→ **Exercise brief**
Begin at the line below that holds "Close-up of a" and end at the line that holds "Svart t-shirt från Nike - Säljer", transcribing each line exactly and skipping any picture.

→ **Short text fragments from websites**
=== Begin Enclosure ===
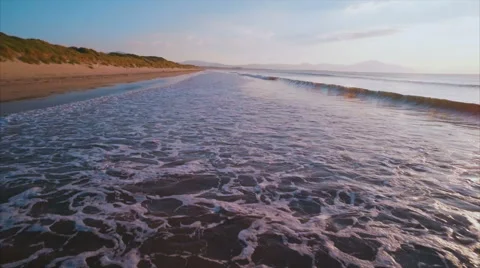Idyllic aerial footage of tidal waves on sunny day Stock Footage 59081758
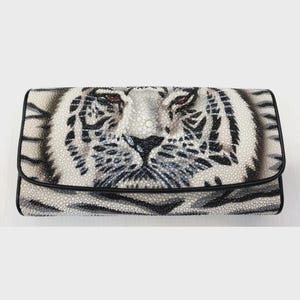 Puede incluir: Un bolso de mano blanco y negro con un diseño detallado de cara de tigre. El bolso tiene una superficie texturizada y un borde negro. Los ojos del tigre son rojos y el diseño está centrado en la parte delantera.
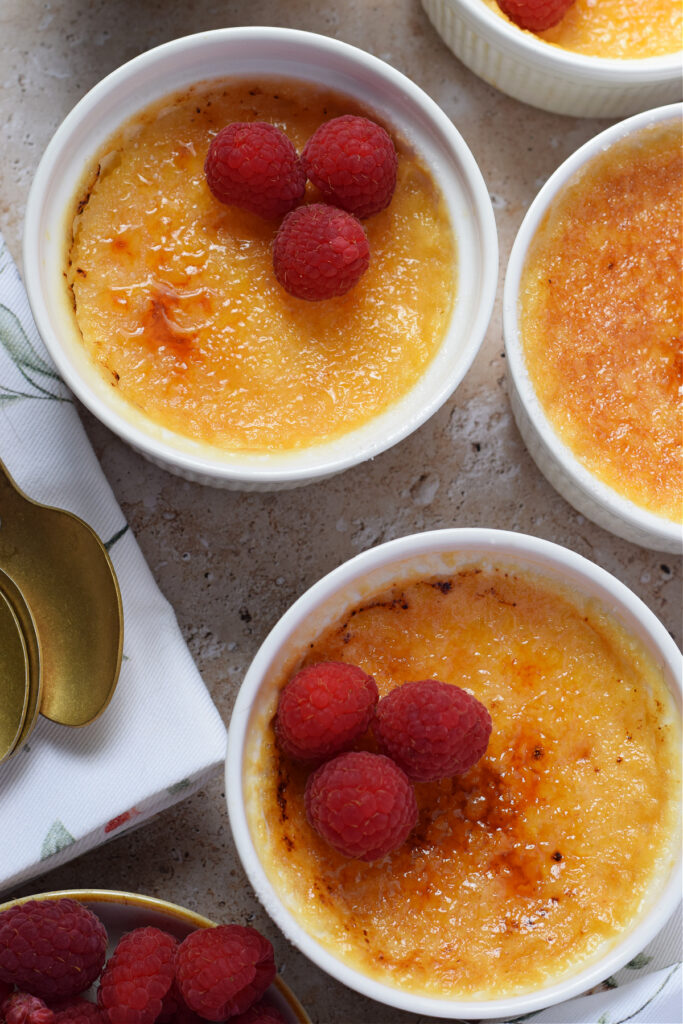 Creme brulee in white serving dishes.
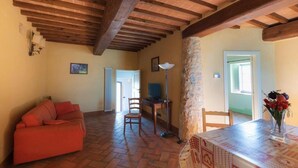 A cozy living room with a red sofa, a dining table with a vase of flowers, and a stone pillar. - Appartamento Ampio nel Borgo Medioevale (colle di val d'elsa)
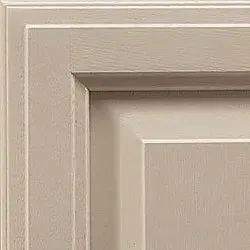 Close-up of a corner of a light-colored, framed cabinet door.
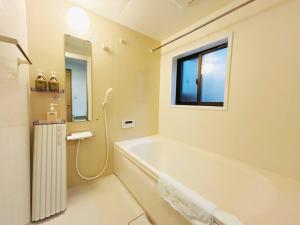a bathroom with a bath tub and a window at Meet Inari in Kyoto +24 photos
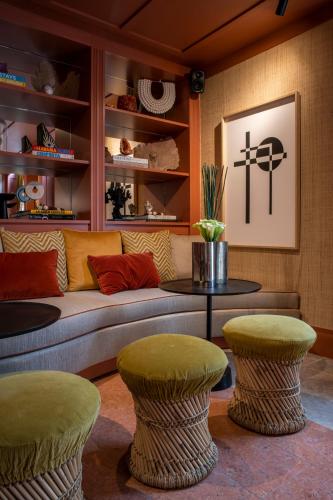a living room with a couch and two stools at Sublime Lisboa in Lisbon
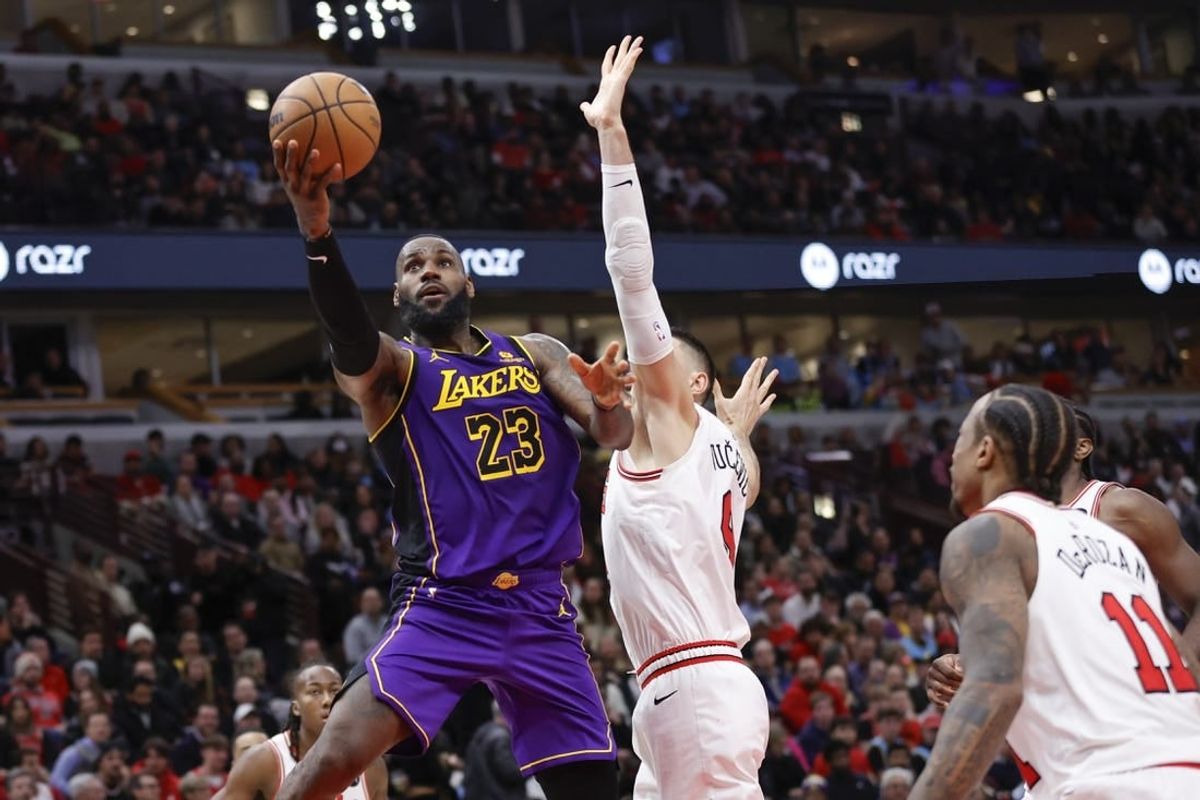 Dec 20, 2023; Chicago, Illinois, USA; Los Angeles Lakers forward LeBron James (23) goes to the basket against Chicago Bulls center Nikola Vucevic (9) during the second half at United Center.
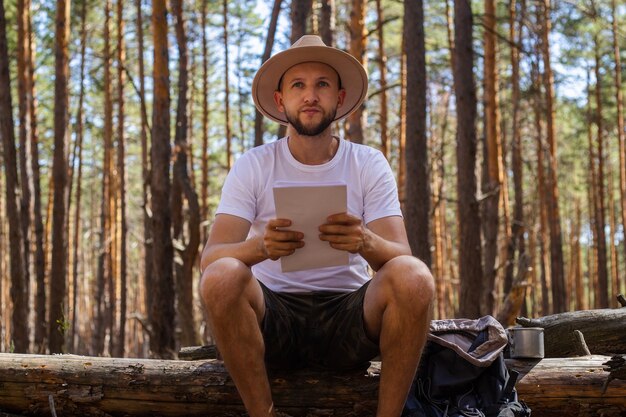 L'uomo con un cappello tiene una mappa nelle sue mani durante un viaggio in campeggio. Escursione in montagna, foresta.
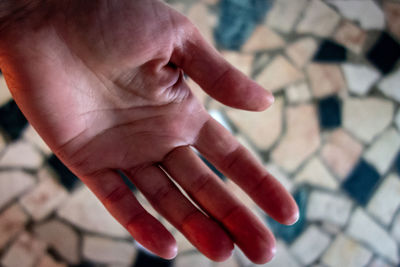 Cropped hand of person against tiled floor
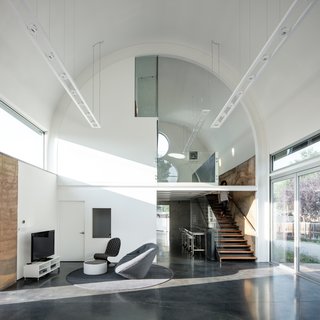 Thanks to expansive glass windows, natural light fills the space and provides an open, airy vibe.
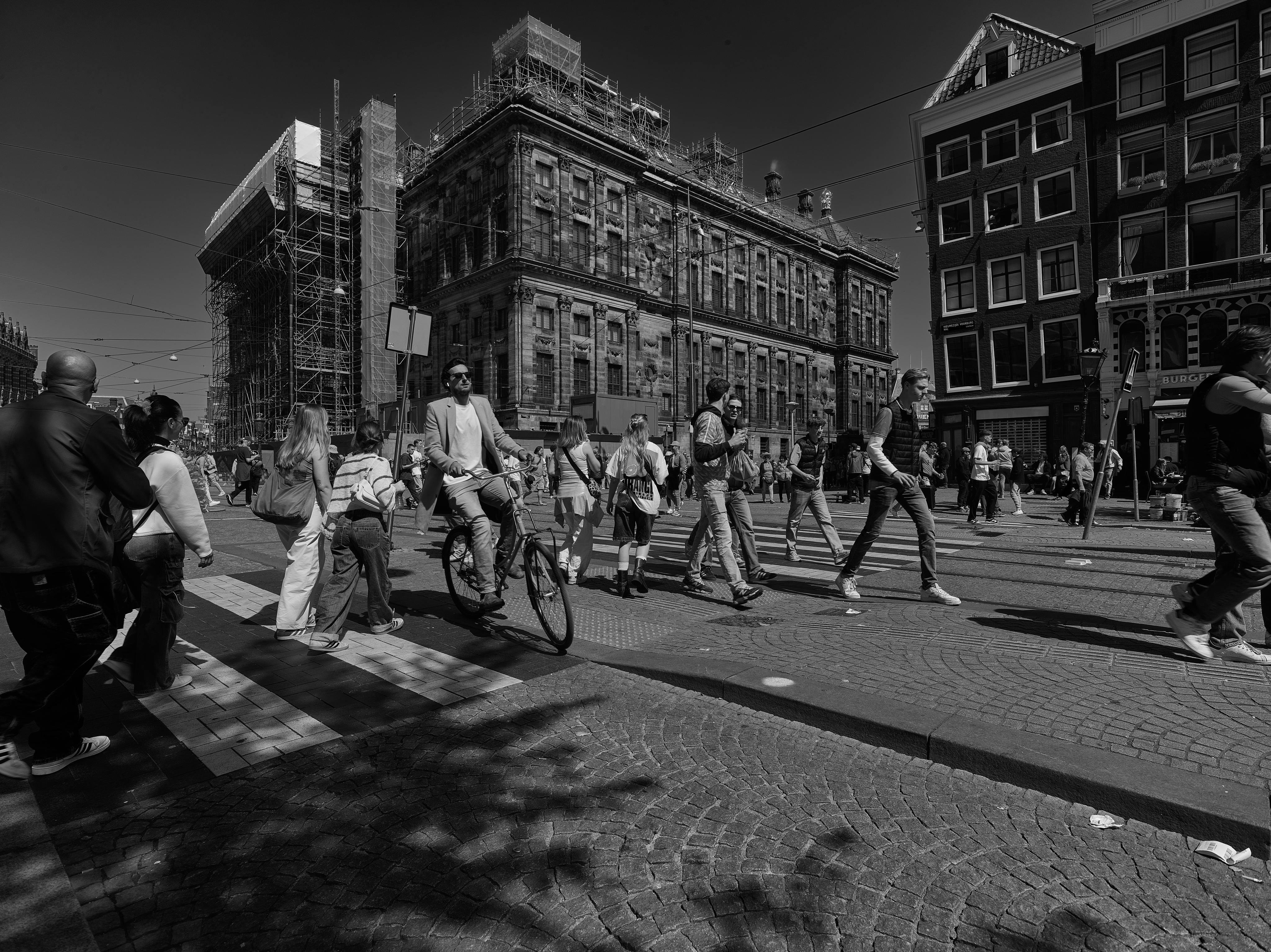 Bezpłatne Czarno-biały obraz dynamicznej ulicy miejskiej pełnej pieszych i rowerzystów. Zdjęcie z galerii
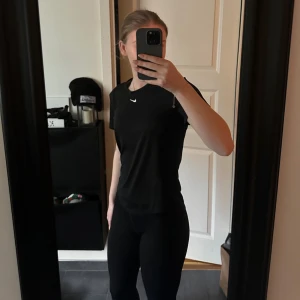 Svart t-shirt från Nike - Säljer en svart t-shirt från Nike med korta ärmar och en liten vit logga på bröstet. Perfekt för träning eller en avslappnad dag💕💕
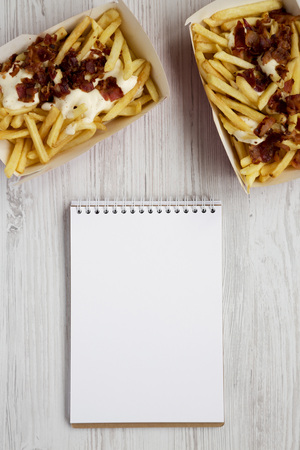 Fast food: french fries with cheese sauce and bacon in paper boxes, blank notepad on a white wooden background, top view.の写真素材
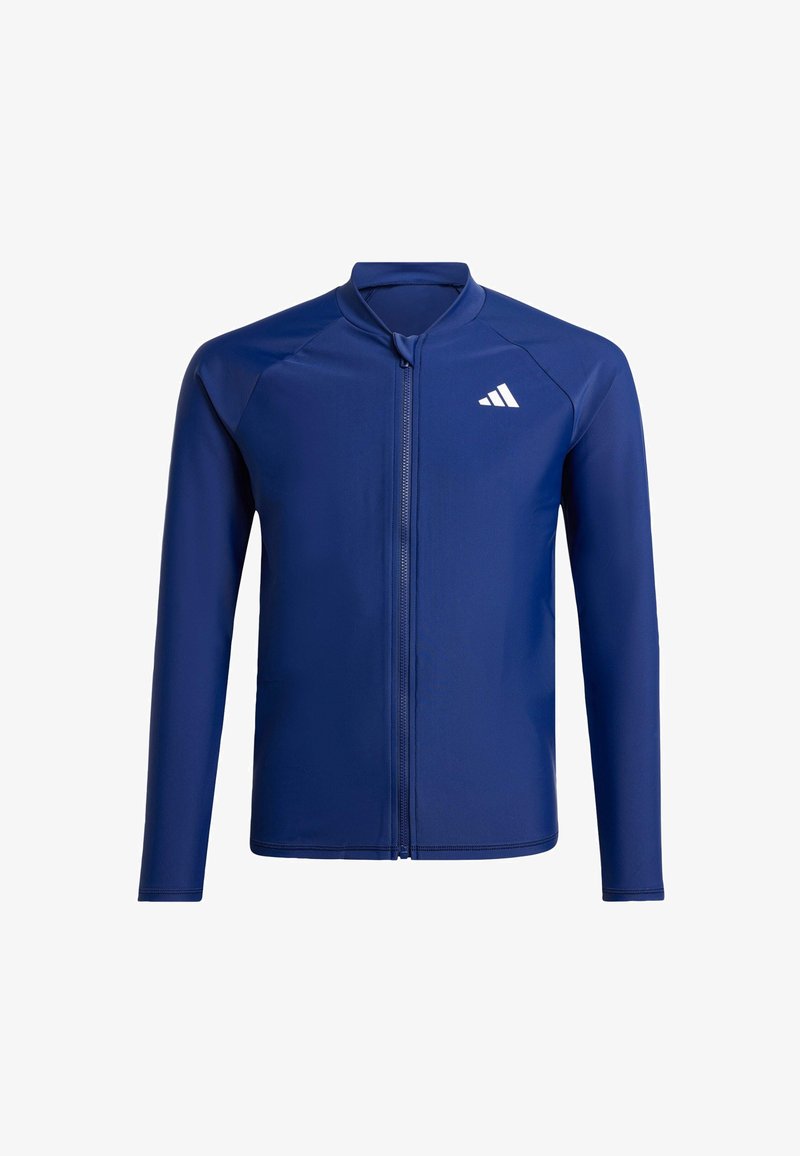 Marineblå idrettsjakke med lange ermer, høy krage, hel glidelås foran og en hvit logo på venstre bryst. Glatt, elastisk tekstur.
=== End Enclosure ===
→ **Answer**
 Close-up of a corner of a light-colored, framed cabinet door.
a bathroom with a bath tub and a window at Meet Inari in Kyoto +24 photos
a living room with a couch and two stools at Sublime Lisboa in Lisbon
 Dec 20, 2023; Chicago, Illinois, USA; Los Angeles Lakers forward LeBron James (23) goes to the basket against Chicago Bulls center Nikola Vucevic (9) during the second half at United Center.
 L'uomo con un cappello tiene una mappa nelle sue mani durante un viaggio in campeggio. Escursione in montagna, foresta.
 Cropped hand of person against tiled floor
 Thanks to expansive glass windows, natural light fills the space and provides an open, airy vibe.
 Bezpłatne Czarno-biały obraz dynamicznej ulicy miejskiej pełnej pieszych i rowerzystów. Zdjęcie z galerii
 Svart t-shirt från Nike - Säljer en svart t-shirt från Nike med korta ärmar och en liten vit logga på bröstet. Perfekt för träning eller en avslappnad dag💕💕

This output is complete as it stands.